Simon & Schuster to delay eReleases four months from Hardcover publication  - AndrewWarner
http://www.examiner.com/x-12973-Long-Island-Books-Examiner~y2009m12d10-Simon--Schuster-to-delay-eReleases-four-months-from-Hardcover-publication

======
cstross
To a publishing executive, this makes sense because ...

The traditional pattern of book-selling is a reverse auction.

First you sell the limited edition short print run signed gilt-trimmed
hardcover. (Optional.) $35

Then you sell the regular hardcover. (Optional.) $25, discount to $16.

Then you sell the trade paperback. (Optional.) $16, discount to $10.
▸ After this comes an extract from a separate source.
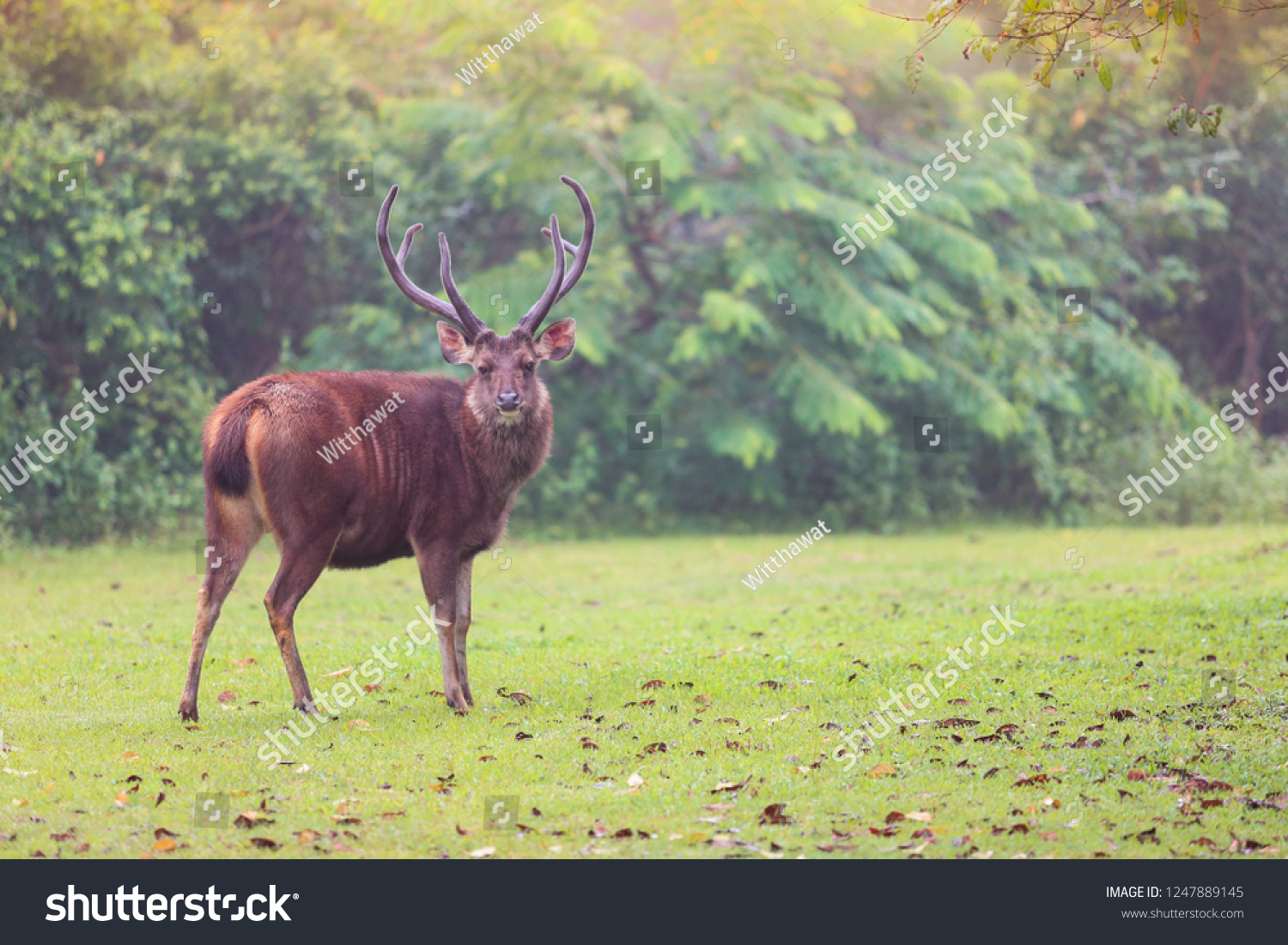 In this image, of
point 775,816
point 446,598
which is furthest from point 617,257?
point 775,816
Then you sell the mass-market paperback. (Optional only if you're a small
press.) $8, discount to $5.

If it's a mega-bestseller, then you sell the cheap MMPB edition, discount down
to $3 in quantities of 100K and up.

 _Each of these steps occurs in sequence_ , typically 6 or 12 months apart.
Some or all may be ommitted -- most books only go through 2, sometimes 3 of
these stages -- but the general pattern is that the price comes down as the
early adopters are soaked up by the expensive editions.

It's an established business model and it worked in the traditional book
business because books effectively come with built-in DRM; who in their right
mind borrows a hardcover and photocopies it?

If you read HN I'm going to take it as read (heh) that you understand why this
model is fundamentally broken when you try to apply it to soft goods, as
Hachette's execs seem to be bent on trying.

(Full disclosure: I am published by a Hachette subsidiary in the UK, and I'm
contractually required to not saw off the branch I'm sitting on.)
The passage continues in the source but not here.